Data below —
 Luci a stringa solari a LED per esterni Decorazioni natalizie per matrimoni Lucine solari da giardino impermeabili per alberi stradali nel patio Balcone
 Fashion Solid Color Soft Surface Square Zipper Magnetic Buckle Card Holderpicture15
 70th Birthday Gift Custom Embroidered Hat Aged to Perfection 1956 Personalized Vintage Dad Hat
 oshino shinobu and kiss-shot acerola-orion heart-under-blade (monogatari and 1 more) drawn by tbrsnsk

Problem —
Leave out every line before the one containing "70th Birthday Gift". Transcribe that line and all lines after it through the end of the data above, exactly.

Exercise output —
 70th Birthday Gift Custom Embroidered Hat Aged to Perfection 1956 Personalized Vintage Dad Hat
 oshino shinobu and kiss-shot acerola-orion heart-under-blade (monogatari and 1 more) drawn by tbrsnsk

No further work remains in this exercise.